Convolutional versus Dense Neural Networks: Comparing the Two Neural Networks Performance in Predicting Building Operational Energy Use Based on the Building Shape
This work addresses the problem of efficiently predicting building energy performance for designers and engineers, but it is incremental as it compares existing methods on a specific dataset.
The paper compared Dense Neural Networks (DNN) and Convolutional Neural Networks (CNN) for predicting building operational energy use based on shape, finding that DNN outperformed CNN in performance, simplicity, and computation time, while CNN offered benefits for design communication using architectural graphics.
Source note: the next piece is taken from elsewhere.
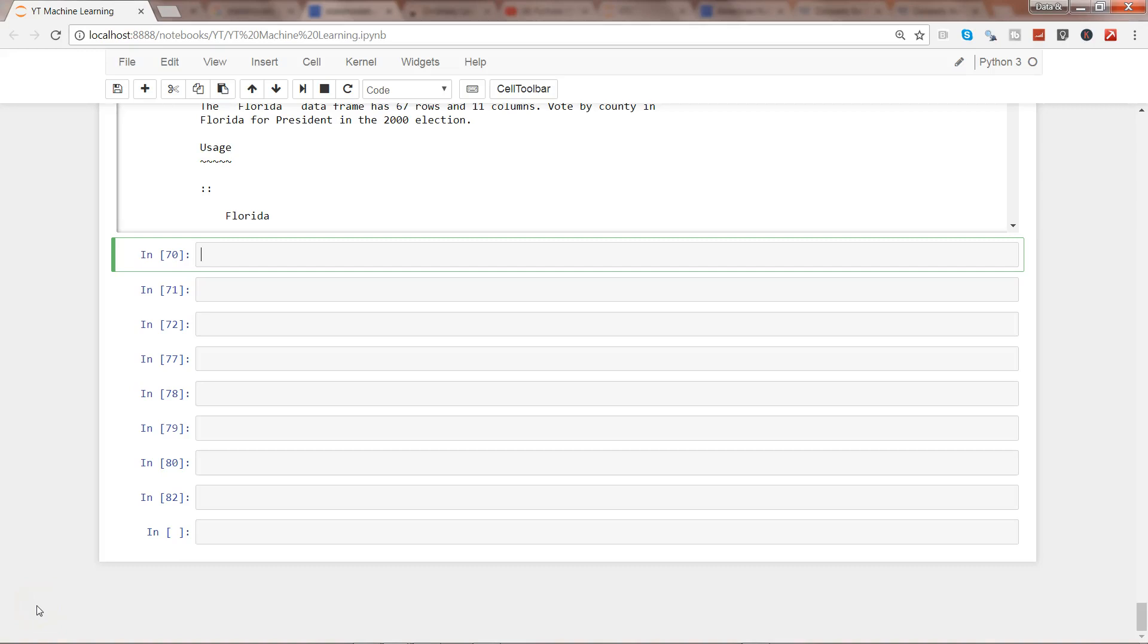Hey guys, this is Abhishek. In this video I'll show you how to achieve linear regression or ordinary least squares method with the help of the statsmodels package. If you remember from my previous video, we've been working with the cancer data.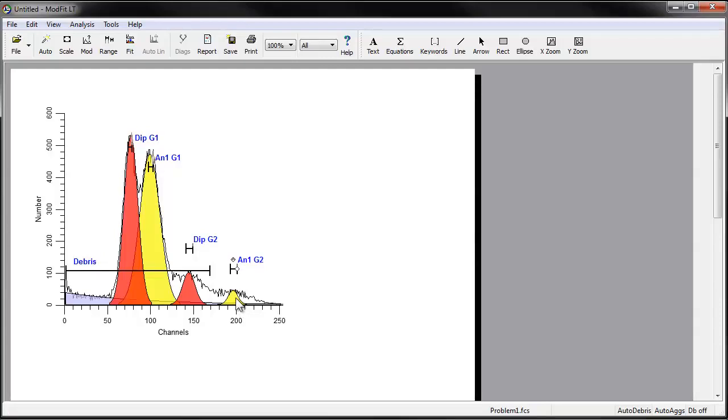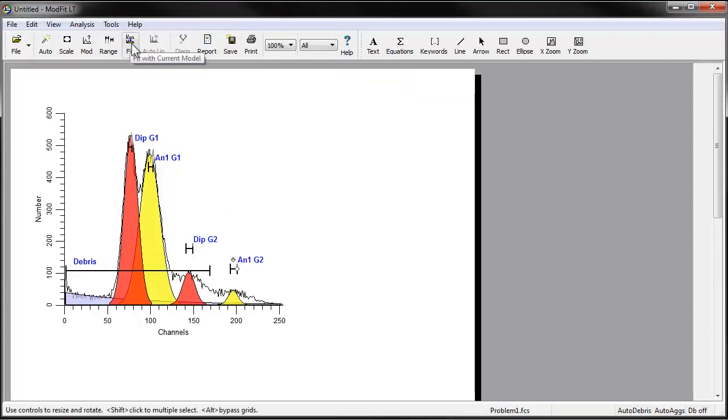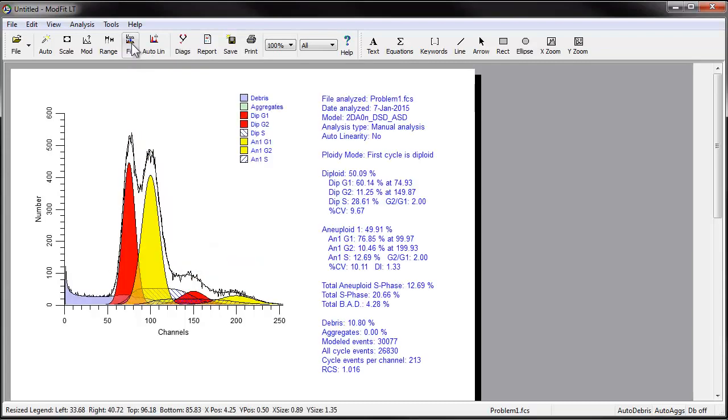With the ranges in position, you're ready to analyze the sample. Click the Fit button on the toolbar to perform the nonlinear least squares fit. Be sure at this stage not to click the Auto button.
A building self-shading shape impacts substantially on the amount of direct sunlight received by the building and contributes significantly to building operational energy use, in addition to other major contributing variables, such as materials and window-to-wall ratios. Deep Learning has the potential to assist designers and engineers by efficiently predicting building energy performance. This paper assesses the applicability of two different neural networks structures, Dense Neural Network (DNN) and Convolutional Neural Network (CNN), for predicting building operational energy use with respect to building shape. The comparison between the two neural networks shows that the DNN model surpasses the CNN model in performance, simplicity, and computation time. However, image-based CNN has the benefit of utilizing architectural graphics that facilitates design communication.